Microsoft Cloud – including Azure, Office 365 and Dynamics CRM Online – will be hosted from new datacenters in the German regions of Magdeburg and Frankfurt am Main.
Access to data will be controlled by what the company called a German data trustee: T-Systems, a subsidiary of the independent German company Deutsche Telekom.
Without the permission of Deutsche Telekom or customers, Microsoft won’t be able to get its hands on the data. If it does get permission, the trustee will still control and oversee Microsoft’s access.

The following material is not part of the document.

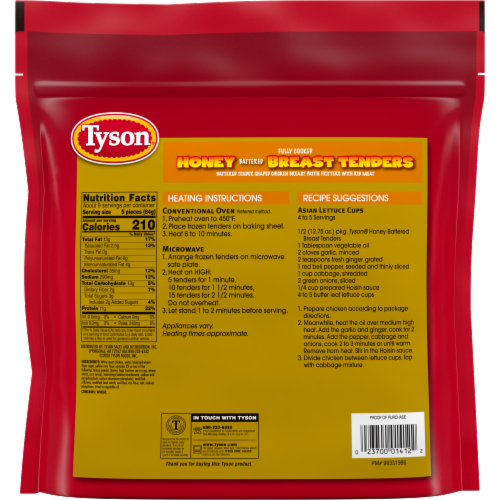 Tyson Frozen Honey Battered Breast Tenders Perspective: back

Microsoft CEO Satya Nadella dropped the word “trust” into the company’s statement:
Microsoft’s mission is to empower every person and every individual on the planet to achieve more. Our new datacenter regions in Germany, operated in partnership with Deutsche Telekom, will not only spur local innovation and growth, but offer customers choice and trust in how their data is handled and where it is stored.
On Tuesday, at the Future Decoded conference in London, Nadella also announced that Microsoft would, for the first time, be opening two UK datacenters next year. The company’s also expanding its existing operations in Ireland and the Netherlands.
Officially, none of this has anything to do with the long-drawn-out squabbling over the transatlantic Safe Harbor agreement, which the EU’s highest court struck down last month, calling the agreement “invalid” because it didn’t protect data from US surveillance.
No, Nadella said, the new datacenters and expansions are all about giving local businesses and organizations “transformative technology they need to seize new global growth.”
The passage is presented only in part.